[[ Available data open ]]

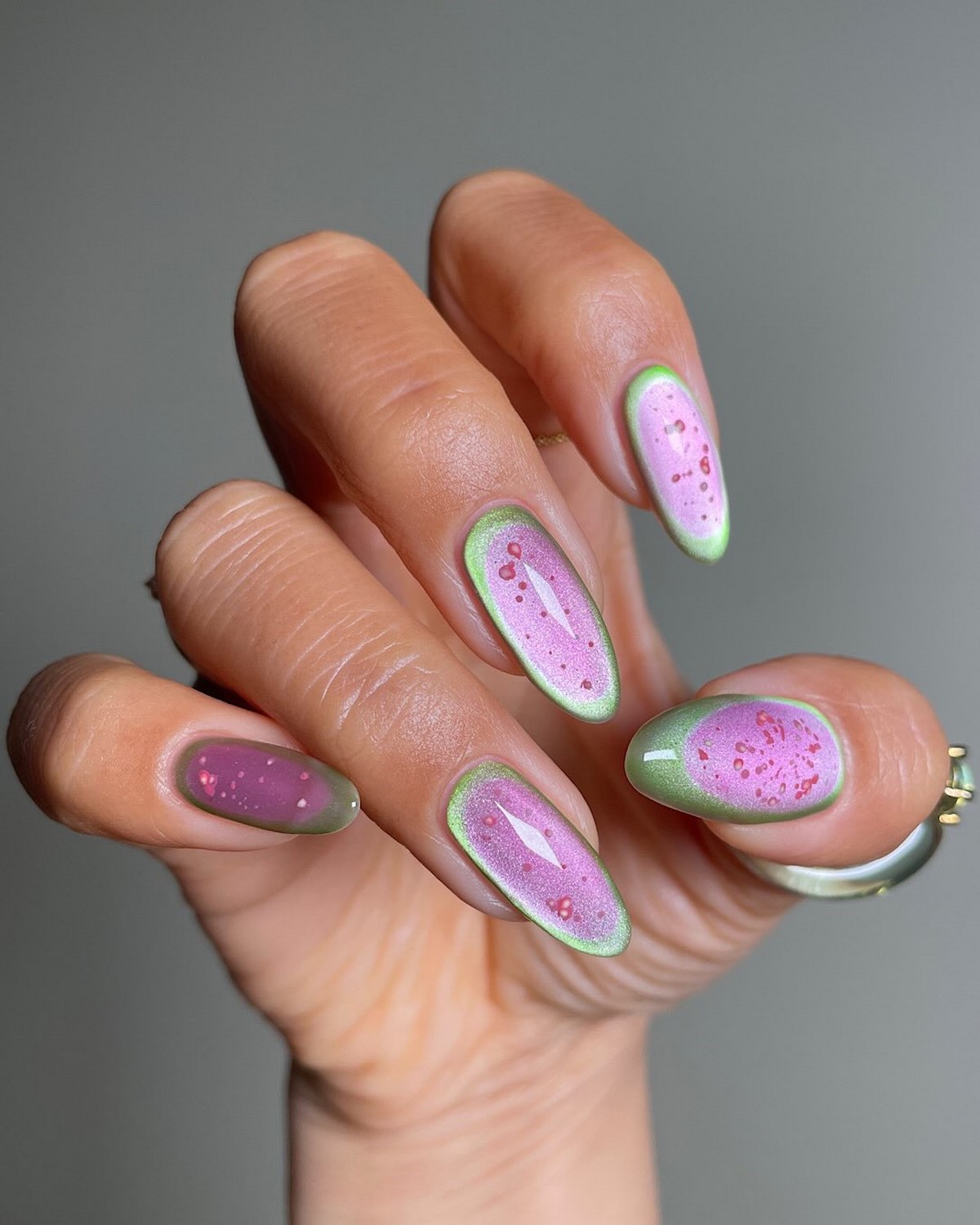 Мягкий зеленый маникюр: спокойный оттенок на ногтях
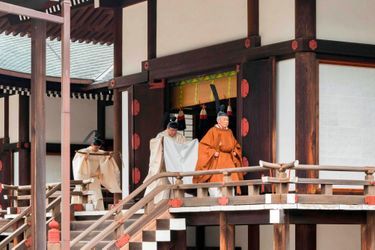 En chasuble de soie traditionnelle, Akihito s’est rendu dans plusieurs sanctuaires pour « annoncer » son abdication aux divinités et aux ancêtres, dans la matinée du 30 avril.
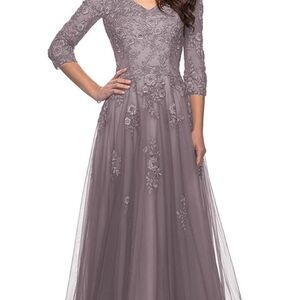 Elegant Long Sleeve Lace Gown in Mauve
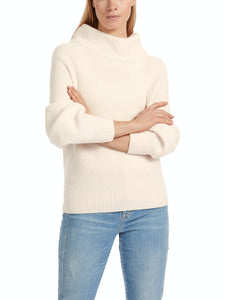 Pullover Knitted in Germany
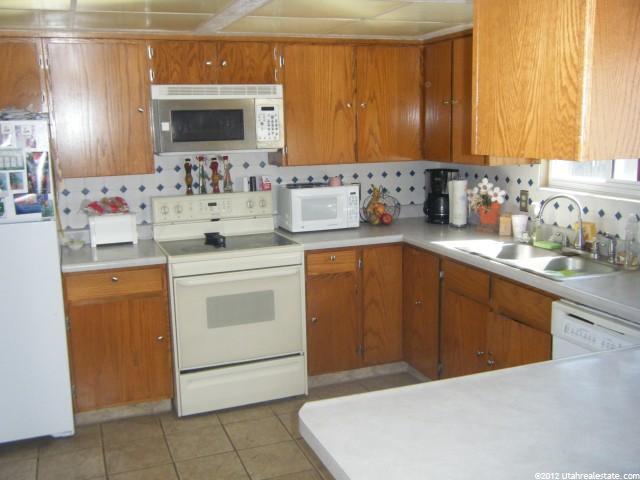 833 S 660 W, Tremonton, UT 84337 — photo 2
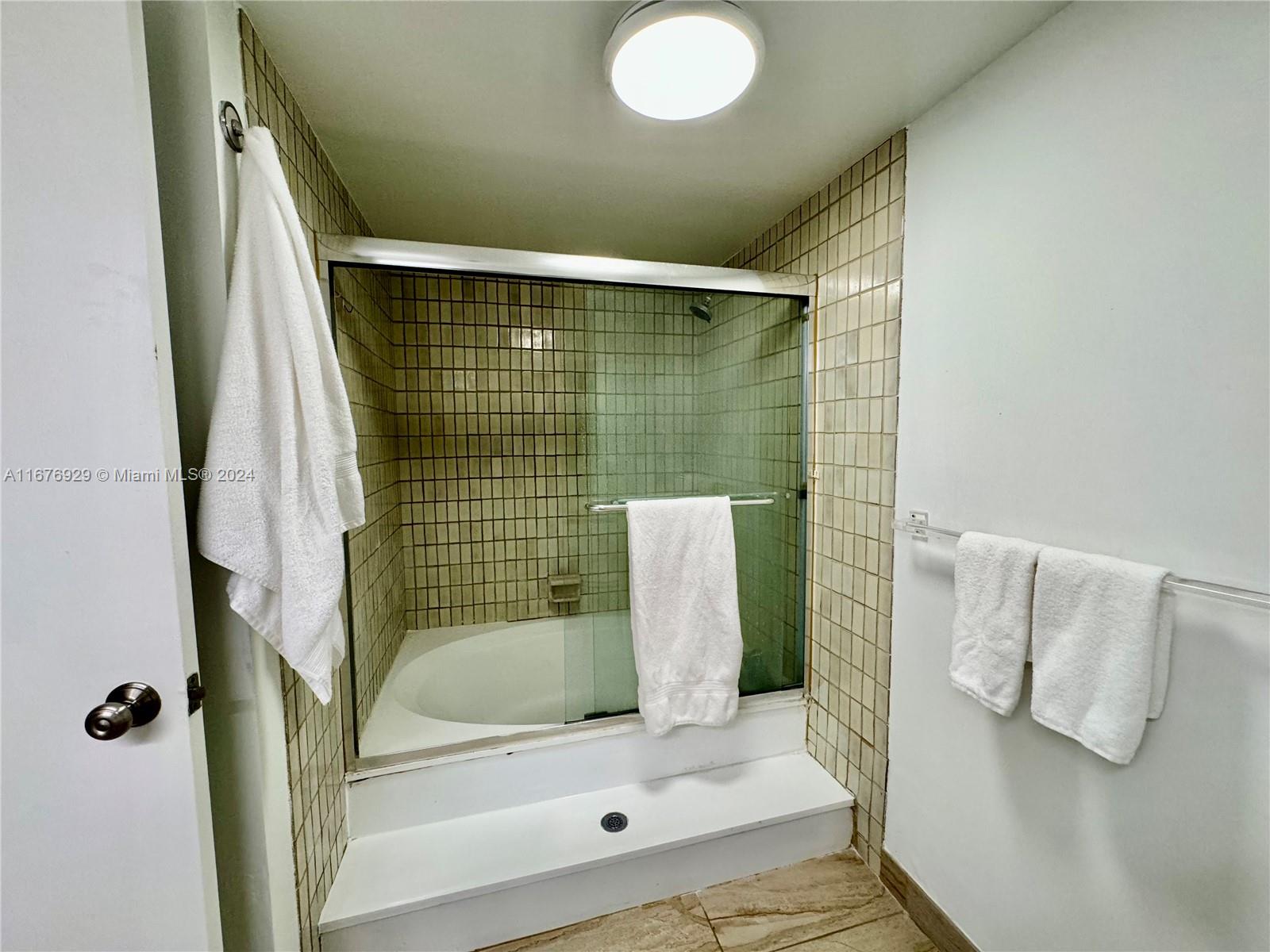 201 Crandon Boulevard, Unit 324 Key Biscayne, FL 33149 - Photo 20 of 33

[[ Available data closed ]]

Task goal:
The expected output is every line from the line where "Elegant Long Sleeve Lace Gown in Mauve" appears to the final line of the material, unchanged and with no pictures.

Solution to this task:
 Elegant Long Sleeve Lace Gown in Mauve
 Pullover Knitted in Germany
 833 S 660 W, Tremonton, UT 84337 — photo 2
 201 Crandon Boulevard, Unit 324 Key Biscayne, FL 33149 - Photo 20 of 33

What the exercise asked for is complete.